Según el popular Picadillo, sí, y "las provincias, fieles imitadoras de las costumbres madrileñas han echado también a los campos a sus cazadores pajareros, pero tal moda no ha cuajado, y solo en algunas andaluzas se ven en los colmados los pájaros fritos que sirven de pretexto para beberse un par de cañas de manzanilla y preparar así los ánimos para entonar al compás de los acordes de la guitarra una profunda soleá".

El poeta mejicano Amado Nervo, que vivió tiempo entre nosotros, dejó unas páginas sobre esta costumbre culinaria. "En cuanto llega el invierno, el transeúnte advierte en muchos escaparates de pastelerías, tocinerías, tabernas y tiendas de comestibles de Madrid, rimeros enormes de pájaros fritos".

No se puede negar que eran un manjar suculento, sobre todo para la gente modesta y de clase media y aún de la pobre, pues eran baratos y su precio oscilaba con el lujo del establecimiento y la antigüedad de los pajaritos.

Era industria que explotaban a la perfección los golfos y chicos desocupados de la capital, quiénes con redes o tirabalas, recogían grandes cantidades que vendían después en los mercados y casas de comidas.

Se preparaban sencillamente: se despluman los pájaros y se les corta la mitad de la cabeza, conservando adherida al cuerpo la parte que guarda los sesos. También se les cortan las patas. Se les da una hervidera en agua, sazonándolos con sal y especias. Cuando están tiernos, pero sin deshacerse, se les escurre el agua y se dejan secar. Después se fríen bien dorados en aceite o manteca de vaca y se colocan en una fuente espolvoreándolos con sal fina, se les ponen los sombreretes y en el centro una bandera de papel con los colores nacionales.

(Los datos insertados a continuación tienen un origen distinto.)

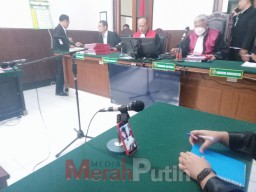 Oknum Polisi Polres Sampang, Dituntut 18 Bulan Penjara Terkait Kasus Penipuan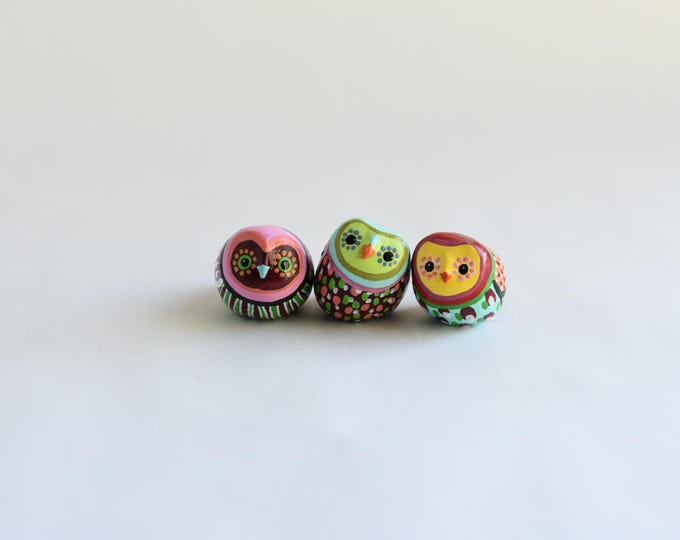 Owl Study 47, 48, 49 / 1 OWL  or SET of 3 / Barn Owl Figurine / Colorful / Mini Art / Desk Pet / Whimsical Art / Owl Figurine / Office Gift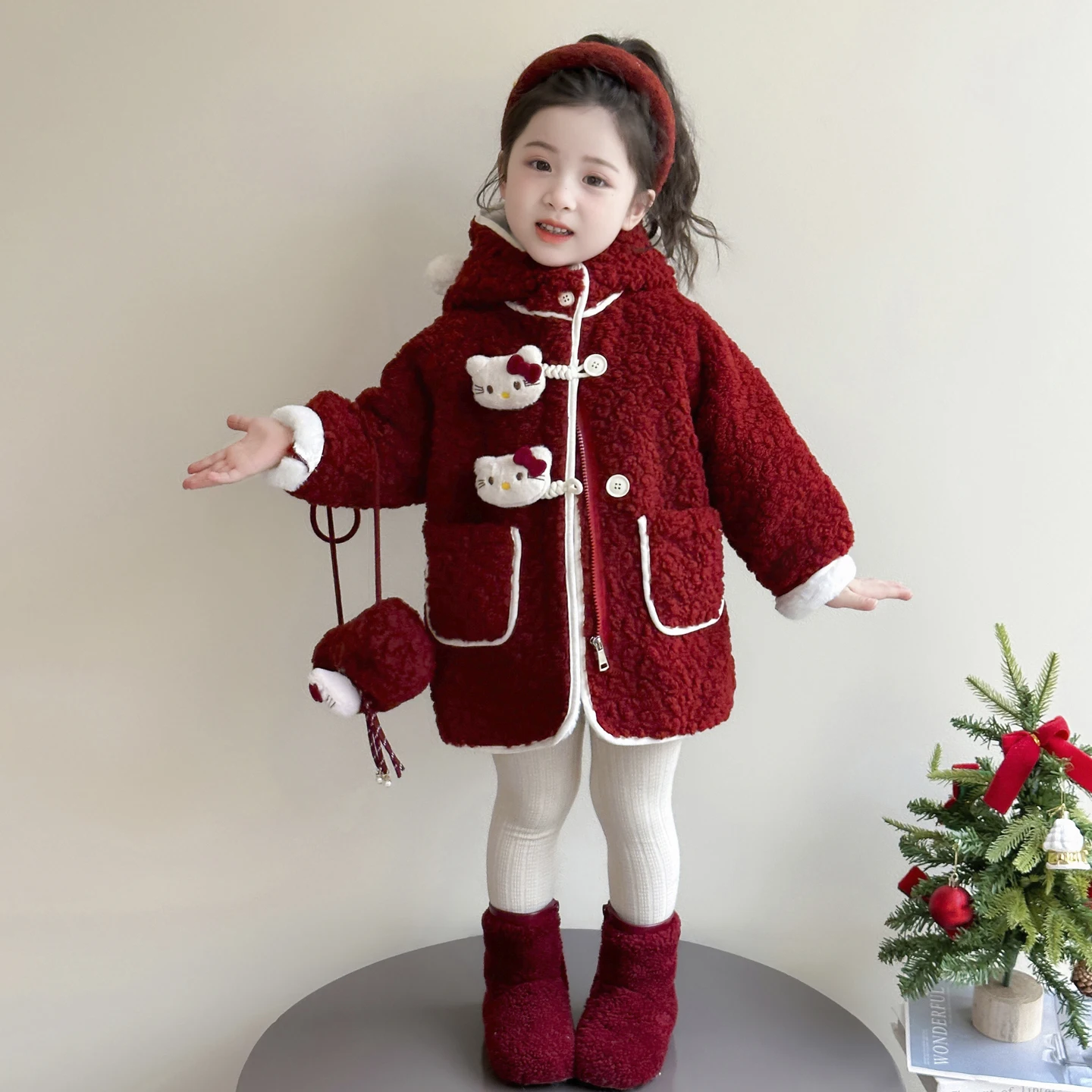 

Зимняя толстая куртка с капюшоном для девочек, теплое пальто на молнии в корейском стиле с героями мультфильмов, новинка 2025 года, детское красное флисовое пальто с длинными рукавами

Este es el modo tradicional y popular de comerlos en las tascas de Madrid y el que nos ha transmitido la literatura. Yo he llegado a verlos, tal y cómo los han descrito Puga y Amado Nervo, en escaparates y mostradores, por los años setenta.

Estas humildes aves han dado pie a páginas brillantes y hasta el nombre de algunas tascas. En Madrid existió la llamada “taberna de los pájaros”, donde se consumían a millares. Son muy ricos, aunque a mí, por exceso de sentimentalismo, nunca me gustaron.